SUPPLIED MATERIAL below:

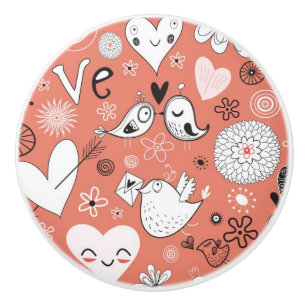 Love Birds Pattern Ceramic Knob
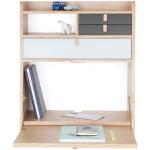 Wand-Schreibtisch Gaston holz grau / mit herunterklappbarer Arbeitsplatte - L 60 x H 72 cm - Hartô - Grau
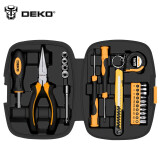DEKO家用工具箱套装维修五金手动工具组套收纳迷你女性便携式工具套装 21件套 便携式工具箱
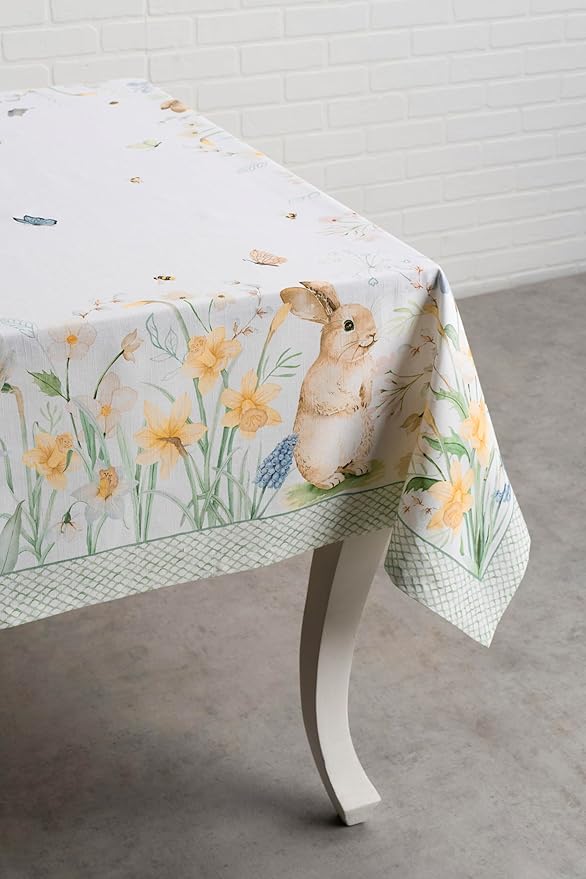 Maison d' Hermine Table Cloth Rectangle Table 100% Cotton 54 x 72 Inches Tablecloth Reusable Decorative for Dining Room Farmhouse Home Valentines Day Decorations Spring Summer - Easter Dew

End of SUPPLIED MATERIAL.

◆ **EXERCISE**
Set down nothing but the lines from the one containing "DEKO家用工具箱套装维修五金手动工具组套收纳迷你女性便携式工具套装 21件套 便携式工具箱" to the final line above, both included, with every picture left out.

◆ **SOLUTION TO THIS PROBLEM**
DEKO家用工具箱套装维修五金手动工具组套收纳迷你女性便携式工具套装 21件套 便携式工具箱
 Maison d' Hermine Table Cloth Rectangle Table 100% Cotton 54 x 72 Inches Tablecloth Reusable Decorative for Dining Room Farmhouse Home Valentines Day Decorations Spring Summer - Easter Dew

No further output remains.